PROBLEM TO WORK ON ▸
Drop the images, then output the listing exactly.

RECORDED INFORMATION ▸
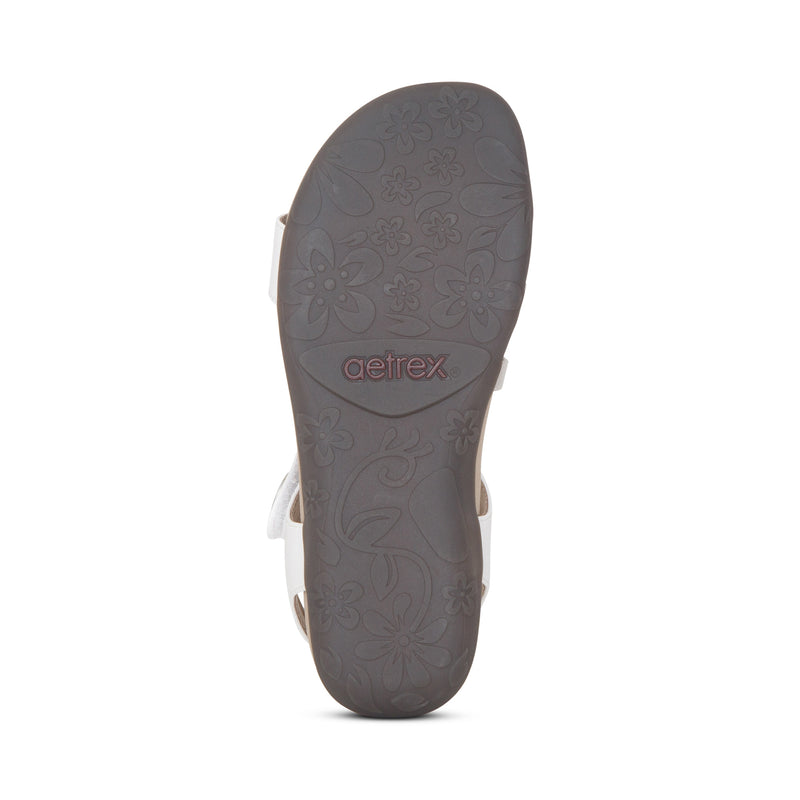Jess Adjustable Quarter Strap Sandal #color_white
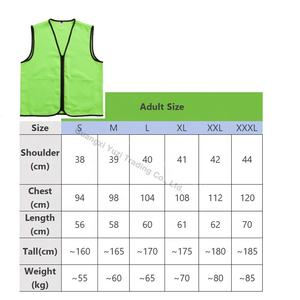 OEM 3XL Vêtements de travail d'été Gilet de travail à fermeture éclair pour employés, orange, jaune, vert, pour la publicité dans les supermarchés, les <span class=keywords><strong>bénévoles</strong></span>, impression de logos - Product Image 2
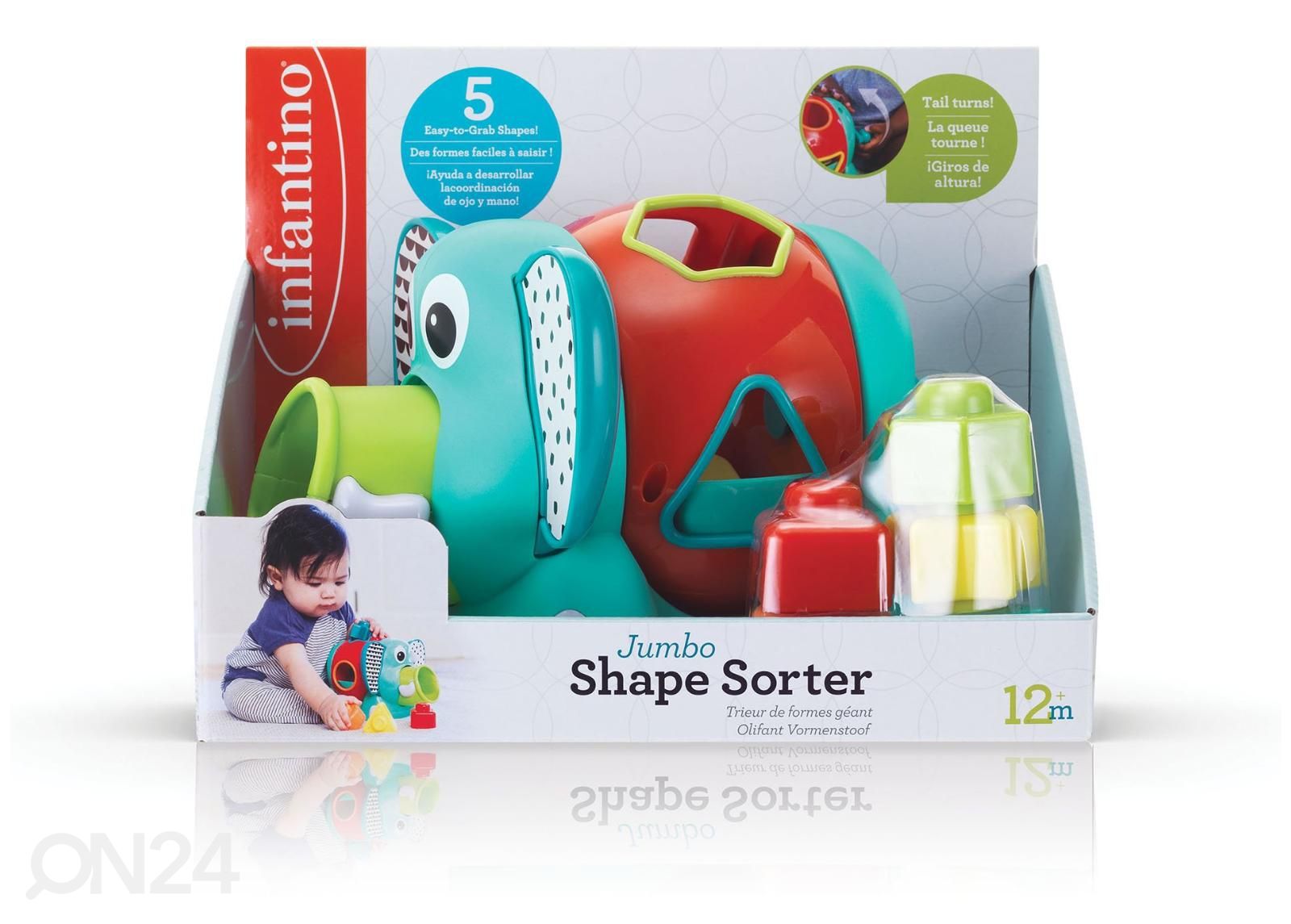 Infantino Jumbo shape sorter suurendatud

SOLVED EXERCISE ▸
Jess Adjustable Quarter Strap Sandal #color_white
 OEM 3XL Vêtements de travail d'été Gilet de travail à fermeture éclair pour employés, orange, jaune, vert, pour la publicité dans les supermarchés, les <span class=keywords><strong>bénévoles</strong></span>, impression de logos - Product Image 2
 Infantino Jumbo shape sorter suurendatud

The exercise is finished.